Il più grande sogno, l’esordio di Michele Vannucci che mischia realtà e finzione – di Victor Musetti

In concorso nella sezione Orizzonti a Venezia, Il più grande sogno è l’esordio al lungometraggio del giovanissimo Michele Vannucci, tratto dal suo stesso cortometraggio “Una storia normale” del 2015 e ambientato in uno dei quartieri più poveri della periferia romana, La Rustica.

Mirko è un ex carcerato appena tornato da Regina Coeli. Ha una moglie e due figlie che non vede mai per via dei suoi problemi con la legge. Nella sua zona è rispettato e temuto da tutti, ma quando viene eletto presidente del comitato di quartiere trova un’occasione per riscattarsi iniziando a fare del bene.

Alessandro Borghi interpreta Boccione, il suo migliore amico che lo aiuta nella folle impresa di riportare ad un lavoro normale persone senza speranza, ex carcerati, mezzi delinquenti e spacciatori.

La storia raccontata è liberamente ispirata alla vita di Mirko Frezza, che qui interpreta il ruolo di sé stesso, un po’ come accadeva in un altro grande film presentato sempre in Orizzonti l’anno passato, Tempête di Samuel Collardey.

Fra realtà e finzione

Frezza è l’anima e il corpo del film, complice soprattutto la sua enorme stazza fisica che lo rende una sorta di vichingo urbano. Ed è impossibile non rimanere immediatamente affascinati dal suo personaggio e dal suo volto così vissuto e colmo di sofferenza.

Michele Vannucci si inserisce in quel nuovo filone di cinema neorealista molto diffuso in Francia, che mischia documentario e finzione facendo recitare i protagonisti stessi delle vicende raccontate.

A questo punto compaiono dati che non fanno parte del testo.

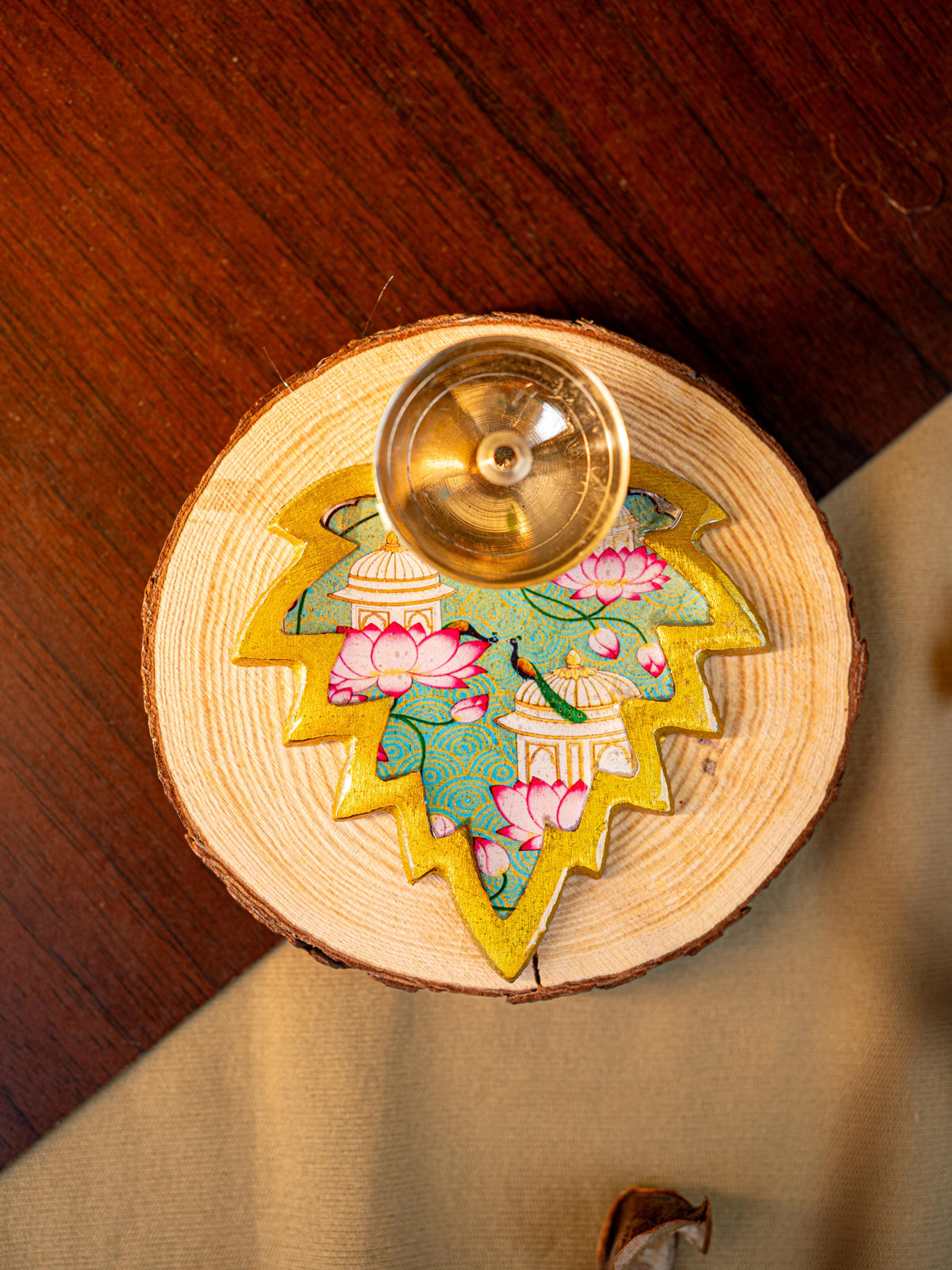 Brass Diya with Leaf - WBG1842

C’è grande affinità infatti tra il suo lavoro e quello del Jean-Charles Hue di Manges tes morts e La BM du seigneur, seppur con risultati diversi.

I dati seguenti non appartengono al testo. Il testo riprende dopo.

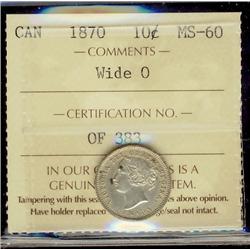 1870 Wide O 10¢ ICCS MS60, brilliant with a hint of toning.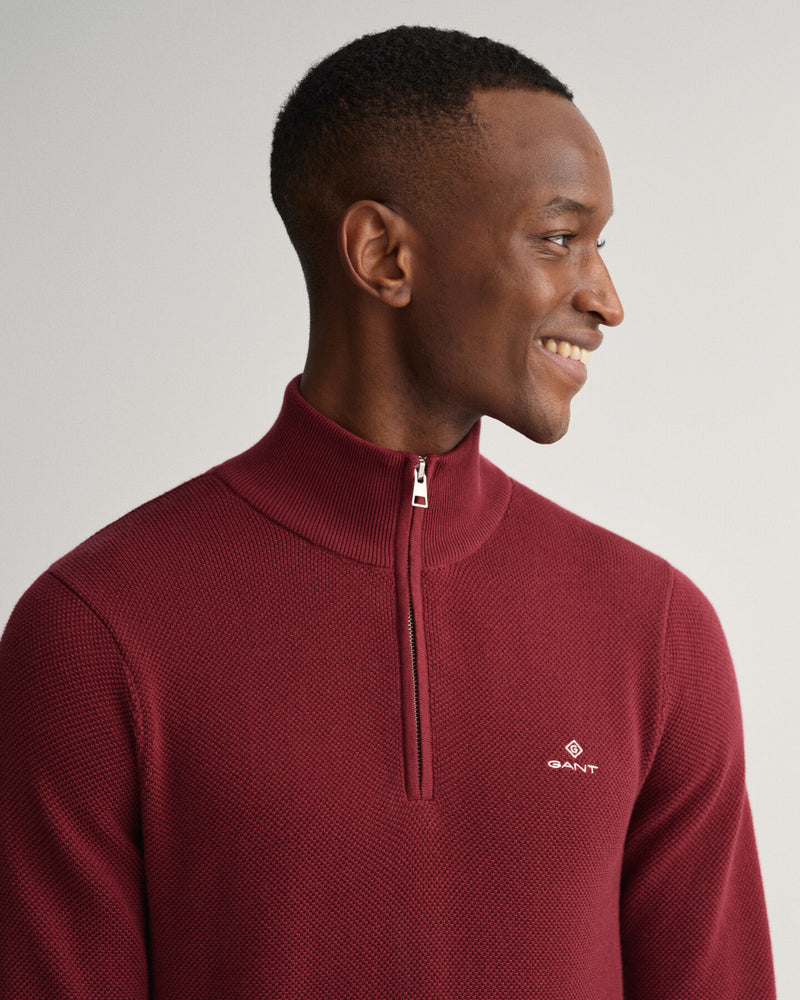 Sweatshirt com meio fecho de correr em algodão piqué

Vannucci si inserisce in una realtà esistente, ci vive a stretto contatto e poi la rimette in scena con i mezzi del cinema di fiction, coinvolgendo in prima persona i personaggi che ne fanno parte, non disdegnando anche un linguaggio pop estremamente efficace e accattivante, con ampio utilizzo di musiche e montaggio da videoclip.

Il film soffre un po’ una durata forse eccessiva per ciò che vuole raccontare e un terzo atto piuttosto confusionario che allenta moltissimo la tensione creata nella prima parte. Ma resta un successo produttivo e registico assolutamente unico nel cinema italiano di oggi. Da vedere e sostenere.